Bu durumda 2 dönem çalışmanın birleştirilerek değerlendirilmesi gerekir.
Mahkemece 2. dönem çalışmasından kaynaklanan ulusal bayram genel tatil alacağı bulunduğu kabul edildiğine göre davacının 2. dönem sonunda verdiği istifa dilekçesinin haklı nedenle fesih iradesini taşıdığının kabulü ile 2 dönem toplam çalışmasına göre ve bu dönem çalışmada yapılan kıdem tazminatı ödemesi avans niteliğinde kabul edilerek davacının alacaklarının hesaplanması gerektiği halde yazılı şekilde karar verilmesi hatalıdır.
3- Tır şoförünün yurt dışında olduğu sırada bayram ve genel tatil günlerinde çalıştığının yazılı delil veya tanık beyanları ile ispatı mümkündür. Tanık beyanları ile kanıtlanan bu tür çalışmalarda pasaport ve benzeri yurda giriş çıkış kayıtları üzerinden inceleme yapılmalı ve işçinin yurt dışında olduğu süreye rastlayan bayram ve genel tatil günleri için hesaplamaya gidilmelidir (Yargıtay 9.H.D. 11.04.2013 gün, 2011/ 5273 E, 2013/ 11883 K.; Yargıtay 9.H.D. 24.01.2013 gün, 2010/ 39272 E, 2013/ 2778 K.).
Somut olayda davacı,uluslararası tır şoförü olarak çalışmıştır ve dosyada davacıya ait yurda giriş çıkış kayıtları mevcuttur.

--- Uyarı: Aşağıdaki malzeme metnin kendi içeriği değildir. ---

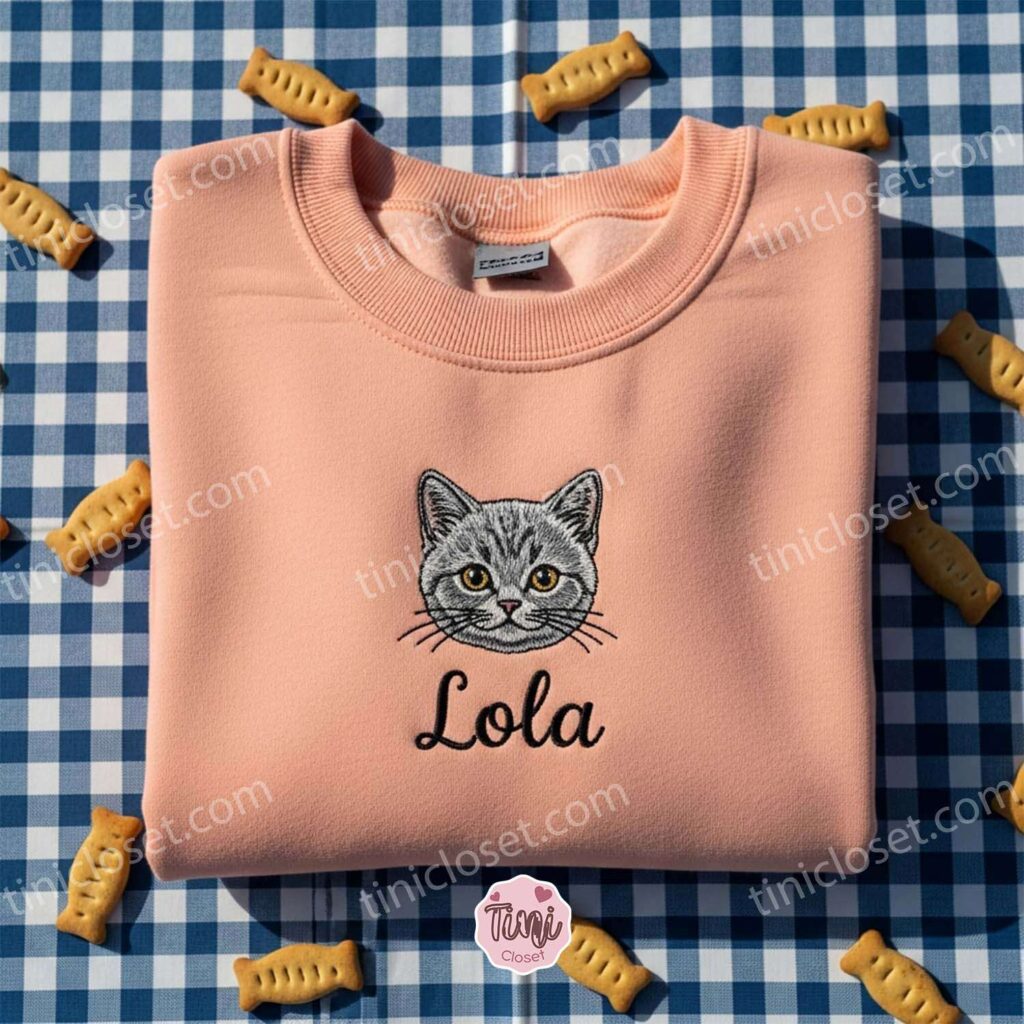 Personalized Custom Cat Hoodie, Embroidered Dog Face Sweatshirt, Custom Pet T-shirt, Embroidered Meow Cat Shirt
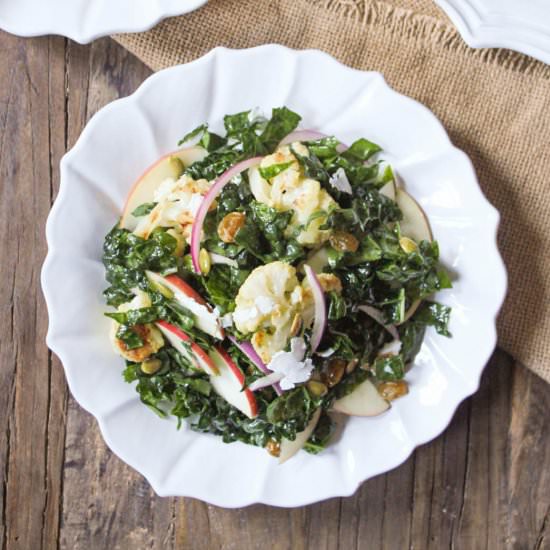 Autumn Kale Salad w/Cauliflower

Mahkemece bu yurda giriş çıkış kayıtları dikkate alınarak davacı işçinin yurtdışında olduğu süreye rastlayan bayram ve genel tatil günleri için hesaplamaya gidilmesi gerekirken sırf tanık beyanları ile ulusal bayram genel tatil günlerinin hepsinde çalıştığının kabulü ile genel tatil alacağına hükmedilmesi hatalı olup hükmün bozulması gerekmiştir.
F) Sonuç:
Temyiz olunan kararın, yukarıda yazılı sebeplerden dolayı BOZULMASINA, peşin alınan temyiz harcının istek halinde ilgiliye iadesine 25.12.2013 tarihinde oy birliğiyle karar verildi.